Cape and Lighthouse, Cabo de Gata

Cabo de Gata cape, beach  and lighthouse © Michelle Chaplow
Cabo de Gata cape, beach and lighthouse

Cape and Lighthouse, Cabo de Gata

Cabo de Gata; one of the main Capes or Peninsular demarking the Spanish Mediterranean coastline. As all shipping has to navigate around this point it has been important since Phoenician tines.

In the VI century BC the Phoenicians called it Ágatas hill, later the Greeks built a temple on it in honor of Aphrodite.

Ruins have been found of the Testa watchtower erected in 1593 on the Testa hill. This site is higher up than the present lighthouse at 343m above sea level just below ALP-822 and moder Aula del Mar (Classroom for the sea). The Testa tower collapsed in an earthquake on December 31, 1658. The hill continued to be an observation point until the tower was rebuilt in 1769. It is recorded that this tower was occupied by two keepers and a corporal. The ‘new‘ tower also ended up in ruins and disappeared completely at the beginning of the 20th century.
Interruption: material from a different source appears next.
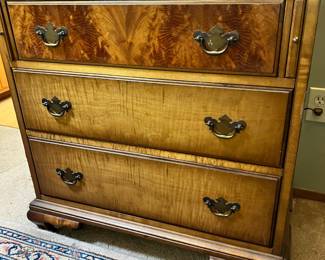 Berkey & Gay Furniture Burl & Tiger Oak Drop Front Secretary Desk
The first lighthouse was constructed in 1863 in the lower location where the present lighthouse stands today.

In the Civil War a series of batteries and defences were built including two machine gun bunkers, two anti-aircraft guns and a rangefinder.

There is a car park at the lighthouse and access to a viewpoint, Mirador Las Sirenas, which is a good place to spot offshore seabirds such as razorbills, shags, cormorants, gannets and gulls.